The cache distribution and request response are not in the scope of this question. I just need a way to partition the network into 3 sets so that I can perform the above operations on it.
Which clustering algorithm could be used in such a scenario. I have almost 9000 nodes in the graph and I wish to get 3 sets of ~3000 nodes each
In the graph case, a clustering method based on minimum spanning trees can be used.
The regular algorithm is the following:
- Find the minimum spanning tree of the graph.
- Remove the
k - 1
longest edges in the spanning tree, where k
is the desired number of clusters.
However, this works only if the edges differ in length (or weight).
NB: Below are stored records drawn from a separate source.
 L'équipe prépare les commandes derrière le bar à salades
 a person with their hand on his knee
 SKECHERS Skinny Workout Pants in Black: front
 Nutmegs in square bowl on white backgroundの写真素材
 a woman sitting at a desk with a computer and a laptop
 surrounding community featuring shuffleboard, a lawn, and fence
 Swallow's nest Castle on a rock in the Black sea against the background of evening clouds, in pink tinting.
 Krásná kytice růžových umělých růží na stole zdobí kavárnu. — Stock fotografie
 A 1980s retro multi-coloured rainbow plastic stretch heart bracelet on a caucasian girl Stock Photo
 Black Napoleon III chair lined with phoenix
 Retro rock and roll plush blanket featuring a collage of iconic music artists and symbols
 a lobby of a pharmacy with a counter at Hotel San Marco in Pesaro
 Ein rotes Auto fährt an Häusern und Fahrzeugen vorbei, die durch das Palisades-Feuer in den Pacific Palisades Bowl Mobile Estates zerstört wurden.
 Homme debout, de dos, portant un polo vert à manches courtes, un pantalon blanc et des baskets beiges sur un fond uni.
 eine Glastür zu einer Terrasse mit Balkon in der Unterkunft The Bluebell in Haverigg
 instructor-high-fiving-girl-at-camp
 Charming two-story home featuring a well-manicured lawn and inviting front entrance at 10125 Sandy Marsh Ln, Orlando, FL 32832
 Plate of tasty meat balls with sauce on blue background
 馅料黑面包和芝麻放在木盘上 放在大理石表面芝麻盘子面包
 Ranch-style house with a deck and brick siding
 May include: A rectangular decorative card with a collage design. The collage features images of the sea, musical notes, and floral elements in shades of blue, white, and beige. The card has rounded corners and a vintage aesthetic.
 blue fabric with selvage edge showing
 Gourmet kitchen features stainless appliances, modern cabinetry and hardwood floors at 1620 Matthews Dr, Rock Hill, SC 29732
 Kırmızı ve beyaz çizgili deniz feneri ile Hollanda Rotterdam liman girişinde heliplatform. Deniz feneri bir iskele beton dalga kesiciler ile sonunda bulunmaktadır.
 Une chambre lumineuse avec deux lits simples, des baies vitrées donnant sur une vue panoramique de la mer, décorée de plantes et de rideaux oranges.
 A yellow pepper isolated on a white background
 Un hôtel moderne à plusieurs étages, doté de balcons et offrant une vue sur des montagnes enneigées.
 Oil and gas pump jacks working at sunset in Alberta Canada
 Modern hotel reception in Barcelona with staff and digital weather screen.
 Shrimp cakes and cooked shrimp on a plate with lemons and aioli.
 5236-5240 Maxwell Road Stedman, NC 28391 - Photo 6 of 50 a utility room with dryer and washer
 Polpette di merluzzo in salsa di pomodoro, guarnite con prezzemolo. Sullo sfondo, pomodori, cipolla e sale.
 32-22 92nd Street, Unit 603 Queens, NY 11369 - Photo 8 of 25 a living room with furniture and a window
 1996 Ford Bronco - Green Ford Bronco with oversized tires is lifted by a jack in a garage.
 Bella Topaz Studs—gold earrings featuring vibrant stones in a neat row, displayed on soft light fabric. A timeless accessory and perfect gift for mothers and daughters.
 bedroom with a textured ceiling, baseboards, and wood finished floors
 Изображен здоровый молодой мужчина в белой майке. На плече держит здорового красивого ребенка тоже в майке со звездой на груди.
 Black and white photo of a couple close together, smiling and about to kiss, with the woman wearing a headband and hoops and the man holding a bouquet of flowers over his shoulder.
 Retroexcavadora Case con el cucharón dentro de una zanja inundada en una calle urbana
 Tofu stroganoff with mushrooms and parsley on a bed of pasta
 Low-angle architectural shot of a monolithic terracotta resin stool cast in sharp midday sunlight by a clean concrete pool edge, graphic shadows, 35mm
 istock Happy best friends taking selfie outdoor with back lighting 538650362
In the case of edges of equal length, every spanning tree is a minimum one so this would not work well. However, putting a little thinking into it, a different algorithm came to my mind which uses BFS.
The algorithm:
1. for i = 1..k do // for each cluster
2. choose the number of nodes N in cluster i
3. choose an arbitrary node n
4. run breadth-first search (BFS) from n until N
5. assign the first N nodes (incl. n) tapped by the BFS to the i-th cluster
6. remove these nodes (and the incident edges) from the graph
7. done
This algorithm (the results) hugely depends on how step 3, i.e. choosing the "root" node of a cluster, is implemented. For the sake of simplicity I choose an arbitrary node, but it could be more sophisticated. The best nodes are those that are the at the "end" of the graph. You could find a center of the graph (a node that has the lowest sum of lengths of paths to all other nodes) and then use the nodes that are the furthes from this center.
The real issue is that your edges are equal (if I understood your problem statement well) and you have no information about the nodes (i.e. their coordinates - then you could use e.g. k-means).